Chi ha condotto i bianconeri a giocarsi dei preliminari di Champions con gente come Neuton ed Ekstrand, simpatici ma non certo trascendentali pedatori? No: non vale dire “almeno ci siamo arrivati”, è come sedersi ad un tavolo sulla Croisette assieme alla più bella del reame, ordinare le meglio cose poi alzarsi ed andarsene prima che arrivi anche solo il “saluto della cucina”.
Chi ha trasformato l’Udinese in incubatrice per squadre estere controllate dalla medesima compàgine, e se la cessione dei migliori giocatori era una necessità di bilancio (ci sta), com’è che oggi ci troviamo nelle condizioni di non poter investire nel potenziamento della squadra, ma si cercando affari stile Harbaoui, una pippa imperiale, onde ottenere delle plusvalenze che pochi anni fa sarebbero risultate irrisorie? O forse non si vuole investire...
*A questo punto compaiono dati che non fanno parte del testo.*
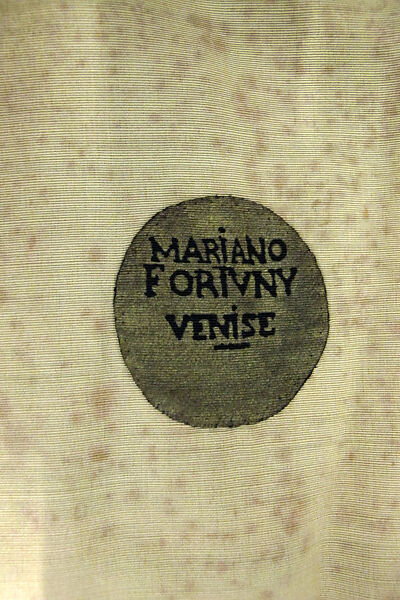 Coat, Fortuny (Italian, founded 1906), silk, silk/cotton, Italian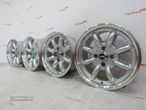 Jantes JBW Minilight 15 x 7 et 10 4x100 Cinza+ aba polida - 6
E qui torno a bomba: non è causa di chi vuole acquistare se chi c’è palesemente, per ragioni proprie ed assolutamente personali, vuole alienare la Biancanera (d’ora in poi la chiamerò così). Nessuno è obbligato a potenziare la propria azienda, specie se se ne vuole disfare (eccezion fatta per Berlusconi, quando l’anno passato parse aver perso di vista il faro della lucidità); io insisto dicendo che spero che i bianchineri finiscano nelle mani di un imprenditore friulano, coevo del Pozzo più maturo, con cui almeno ci divertiremmo; noi, magari Iachini un po’ meno. Speranze? Voci? Mah.
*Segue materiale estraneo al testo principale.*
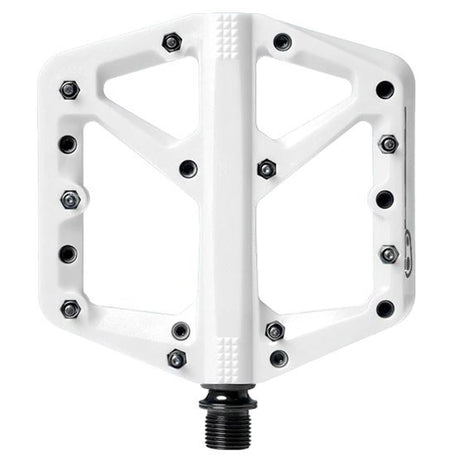 Pedali Crank Brothers Stamp 1 Large - Bianco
Ed a chi mi ha contestato: casualmente coloro i quali ho difeso strenuamente negli ultimi anni, dagli attacchi di gente irriconoscente come il signor Spalletti, di commentatori che ne dipingono le gesta sulla scorta di pochi riflessi filmati, soprattutto dalle vergognose prestazioni della squadra, cento e più gare, che ne hanno frustrato cori, inni, canti; a questi chiedo scusa. Scusa se ho dato l’impressione di esterofilia. Scusa se scrivo male, se scrivo sciocchezze, se non si comprende ciò che dico. Se la nuova proprietà, ce ne fosse mai una, si mostrasse offensiva verso di loro essi vedrebbero in me una specie di scudo umano. Peccato, dico con rammarico, leggerne i commenti solo se ispirati da un certo vessillifero sentimento del pensiero negativo. Ovviamente ciò non riguarda la parte del sistema di cui sopra. Lì si tace e si acconsente. Stiamo uniti, fratelli amici miei bianchi e neri: siamo tanti, siamo pochi, siamo una cosa sola. Una cosa sola.
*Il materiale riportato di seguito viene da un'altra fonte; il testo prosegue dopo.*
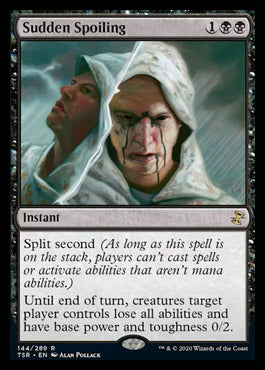 Sudden Spoiling [Time Spiral Remastered] Magic: The Gathering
Il mercato: finita la conta delle vacche. Avrei gradito veder partire tre, quattro giocatori che secondo me non sono funzionali alla squadra che Gioacchino da Ascoli sta cercando di plasmare. Pazienza: Kums (solo otto mesi a Udine? Assieme al prestito di Peñaranda è testimonianza della strategia dei suddetti) è buono come il pane, finalmente un regista fatto, finito nel senso della maturità e non della senescenza. La squadra, secondo me, non è così male come la dipingono: ma Gioacchino deve continuare ad alimentare il proprio coraggio, deve osare e mai cedere alle lusinghe di quel potere che gli soffia numerini nell’orecchio. Mi sorprende la maturità dell’idolo islandese, che verrà buono ancora in corso di campionato; mi ha deluso Evangelista, ancora lento ed involuto; eccellente Rodrigo, gran voglia Perica, Zapàta (son buono) ingiudicabile, così come un Danìlo ancora dimesso e affetto da una certa dose di saudade per una grandezza che pensava di raggiungere ma, a trentatre anni, pare ormai illusoria. Samir non ha sfigurato, Oreste ha parato e quando il fisico funzionerà per novanta minuti vorrò vedere come la Biancanera risponderà agli avversari. Perché dobbiamo ammettere che domenica sera la sofferenza contro una squadra palesemente inferiore come l’Empoli, nella seconda metà del primo tempo, è stata quantomeno indigesta.
Un piccolo sospiro per il guru del calciomercato, dipendente di un giornale dal colore femminino, che al mercato dell’Udinese ha dato un cinque tondo tondo. Mi pare un pochino eccessivo. Magari gli vien meglio di giudicare Inter e Juventus. Io dieci lo darei a Cairo, che ha fatto una bella squadra capitalizzando trenta milioni di plusvalenze. Vende Maksimovic e Peres, prende Valdifiori e Liajic. Non è proprio come vendere Sànchez e prendere Torje. Pazienza, bravi loro e testa bassa a Udine.
Sarà comunque fatica; sarà sudore, perché in ogni caso si deve ripartire da un recente passato devastante. Saranno lacrime: di gioia o di dolore? Dieci gare per capirlo.